チャンピオンヒルズに行ってきました!

2020/12/18

 

最近、特に栗東・調教師との会話でよく出てくるのが「一度放牧に出したいんですけど、今回はチャンピオンヒルズでもいいですか?」という内容。これ、本当に多くなってきました。

クラブ側として、放牧・外厩先については原則、調教師の意向に沿って対応させていただいています。こちら側から、「〇〇でお願いします」ということはほぼありません。そうした中で、外厩先に指名されることが格段に増えた「チャンピオンヒルズ」。経営や成り立ち・設備については、インターネット上でも語られているので、そちらをご確認いただければと思うのですが、当クラブ所属馬の利用が増えてきたため、どんなところか簡単にご案内したいと思います。

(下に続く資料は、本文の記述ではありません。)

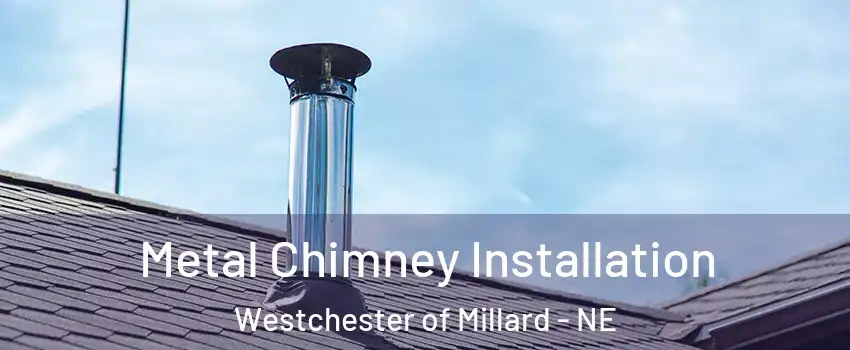 Metal Chimney Installation Westchester of Millard - NE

最初に驚くのがその大きさ。東京ドーム15個分ほどの敷地内に、トラックコースがダートコース・フェルトダートコースの2種。外のコースで1周が1100m~1200mほどありますので、ちょっとした地方競馬場並みの広さです。

さらに規模の大きさを表しているのが、その馬房数。チャンピオンヒルズ内には12厩舎あって、1厩舎30馬房ですから、合計360馬房となります。これはノーザンファームなどと比べて勝るとも劣らない、もしくは匹敵する数です。付け加えると1馬房の大きさも、通常のものより、少しゆとりがある造り。全く窮屈感がありません。性格がキツめのタイプでも、すごく落ち着きが出てくるというのは、広々とした敷地と静かさ、さらにゆったりめの馬房・・・こんなところにも理由があるかもしれません。

そして同施設の代名詞とも言えるのが、全長1000mある2本の坂路コース。特筆すべきは1000mが一直線であることです。他の施設でも、それなりの長さの坂路コースはもちろんありますが、実際追えるのは2Fだけといった場所もあります。その意味では規模の大きさをフルに活かせる仕様だと言えます。なおかつ、こちらもトラックと同様にコースが2種。1つがフェルトダート。もう1つがウッドチップです。

「フェルトダートとは、ダートにフェルトを混ぜたもので、非常にクッションが効いていて、グリップ力があります。馬が躓くような場面がほとんどありません。脚元にとても優しく、かつ大きな負荷をかけられるコースです」とチャンピオンヒルズ関係者。実際、栗東の助手などが試し乗りに来ていたそうですが、コースコンディションを異口同音に高く評価していたとのこと。一方のウッドチップは競馬ファンにはお馴染み、こちらはスピード調教を目的としたコースになります。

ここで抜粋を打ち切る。